**AIM OF THE EXERCISE**
Only a verbatim restatement of the lines from the one with "#winomalowanie #warszawa #plenerowewydarzenia" through the end of the listing below is wanted. Pictures should be left out.

--*--

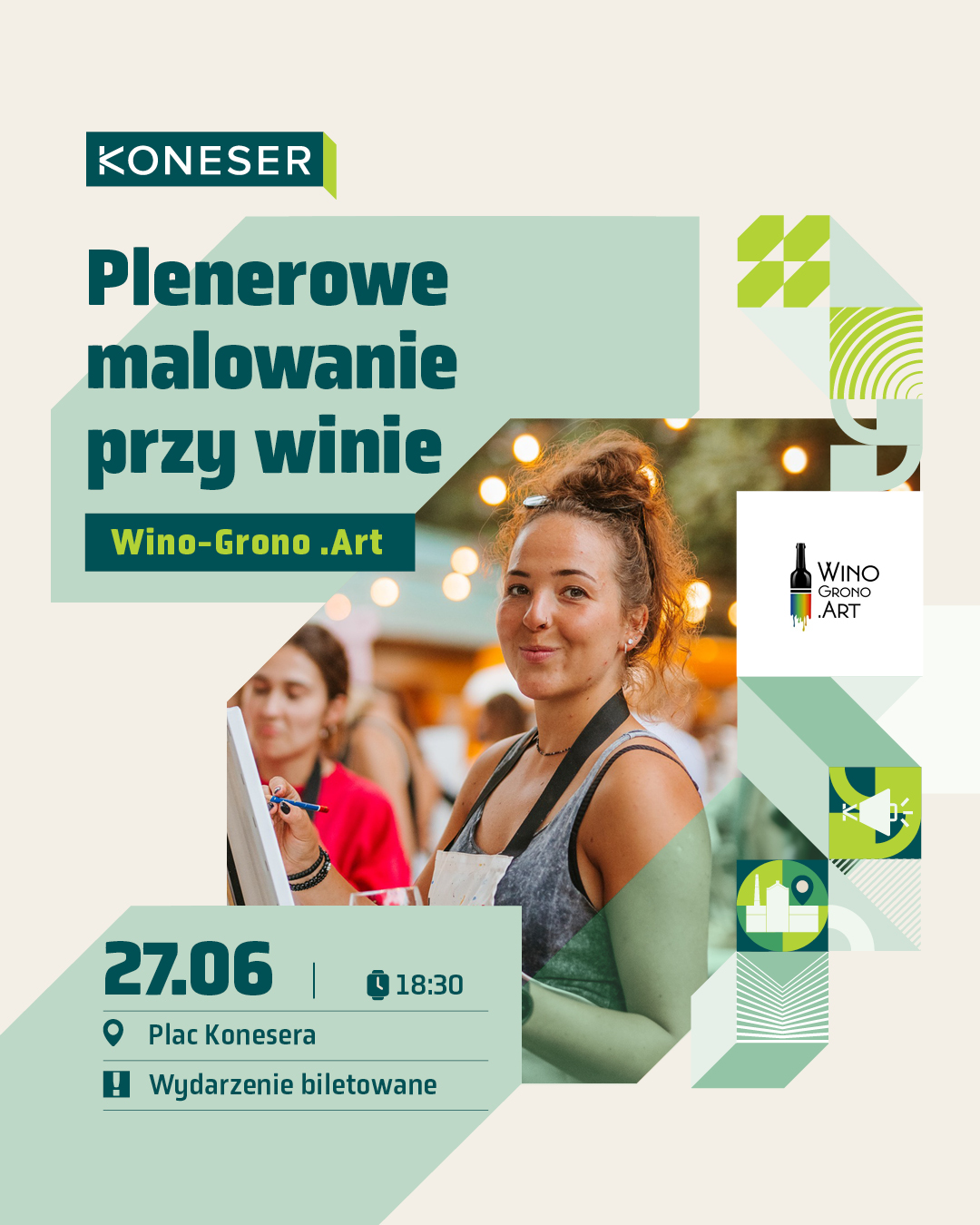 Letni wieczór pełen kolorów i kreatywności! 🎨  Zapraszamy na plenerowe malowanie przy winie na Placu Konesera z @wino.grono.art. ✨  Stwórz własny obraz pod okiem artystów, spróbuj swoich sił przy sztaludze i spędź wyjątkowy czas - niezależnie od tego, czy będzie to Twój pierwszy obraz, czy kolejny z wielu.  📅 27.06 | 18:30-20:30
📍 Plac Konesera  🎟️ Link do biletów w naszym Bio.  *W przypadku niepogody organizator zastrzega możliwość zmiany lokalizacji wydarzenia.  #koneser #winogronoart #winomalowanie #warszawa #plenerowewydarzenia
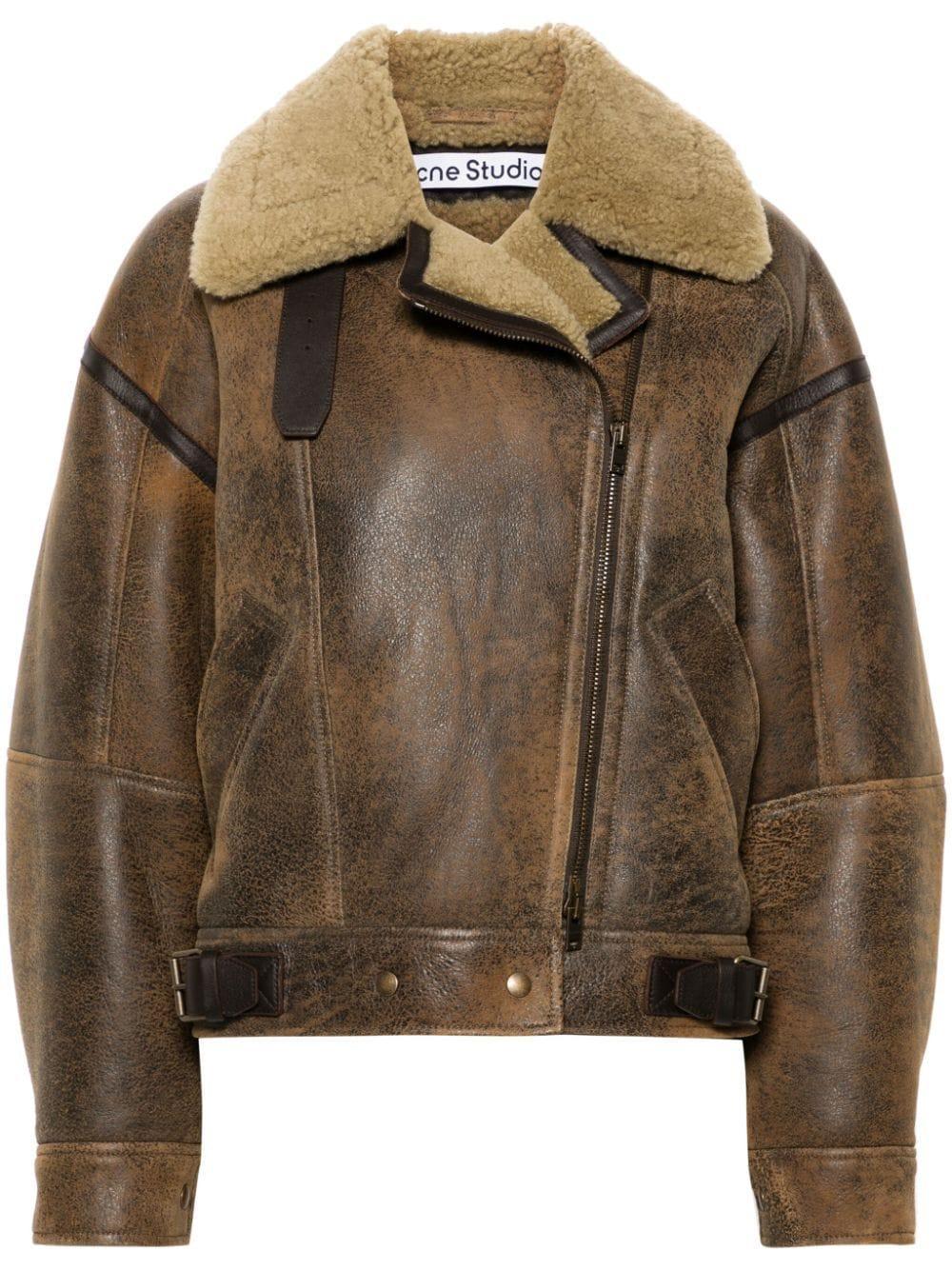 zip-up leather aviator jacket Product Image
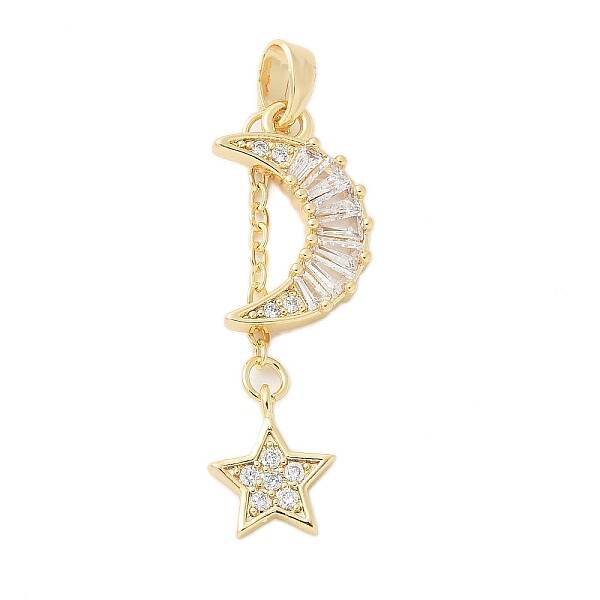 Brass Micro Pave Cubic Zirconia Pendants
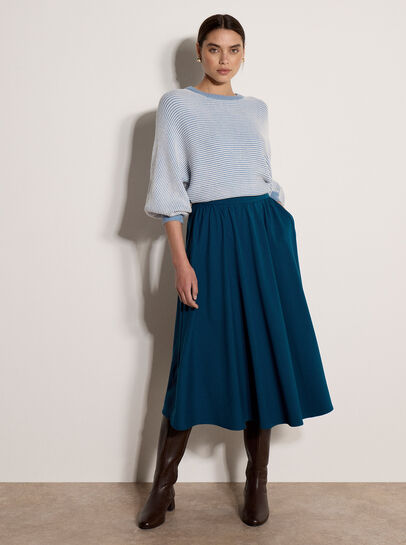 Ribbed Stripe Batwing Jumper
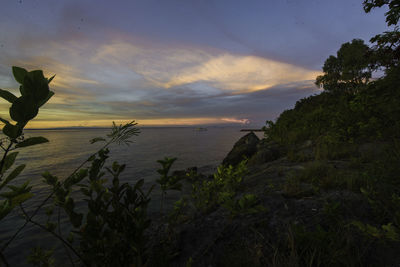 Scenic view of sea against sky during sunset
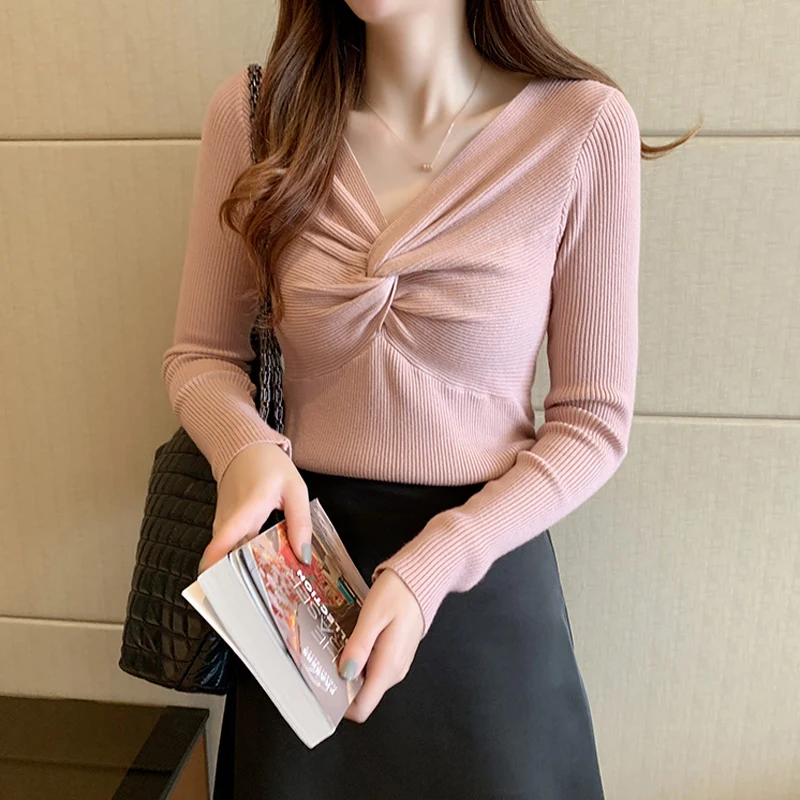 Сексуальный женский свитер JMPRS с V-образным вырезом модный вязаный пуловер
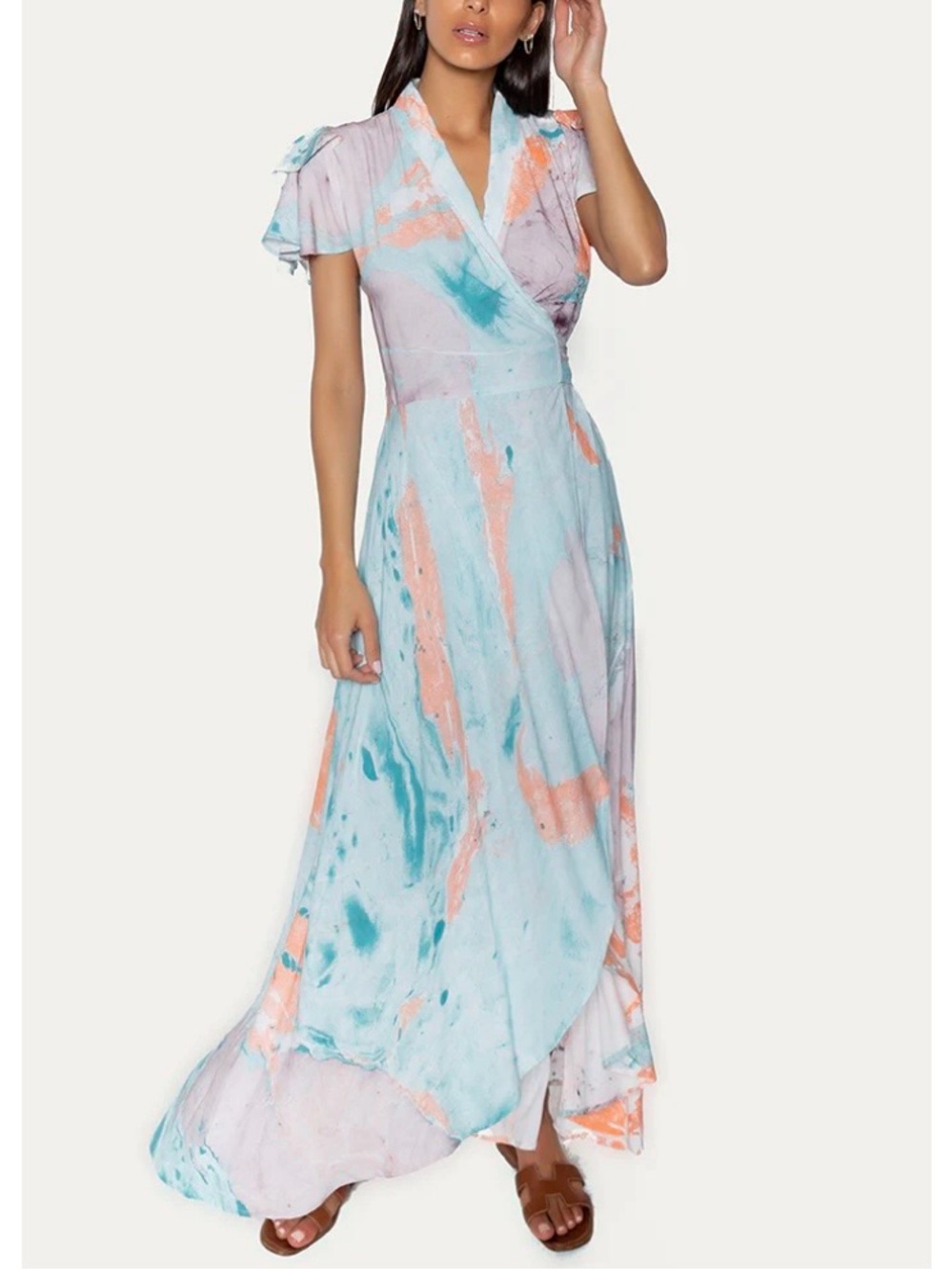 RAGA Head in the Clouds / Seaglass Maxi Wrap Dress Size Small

--*--

**REPLY TO THE EXERCISE**
📍 Plac Konesera  🎟️ Link do biletów w naszym Bio.  *W przypadku niepogody organizator zastrzega możliwość zmiany lokalizacji wydarzenia.  #koneser #winogronoart #winomalowanie #warszawa #plenerowewydarzenia
 zip-up leather aviator jacket Product Image
 Brass Micro Pave Cubic Zirconia Pendants
 Ribbed Stripe Batwing Jumper
 Scenic view of sea against sky during sunset
 Сексуальный женский свитер JMPRS с V-образным вырезом модный вязаный пуловер
 RAGA Head in the Clouds / Seaglass Maxi Wrap Dress Size Small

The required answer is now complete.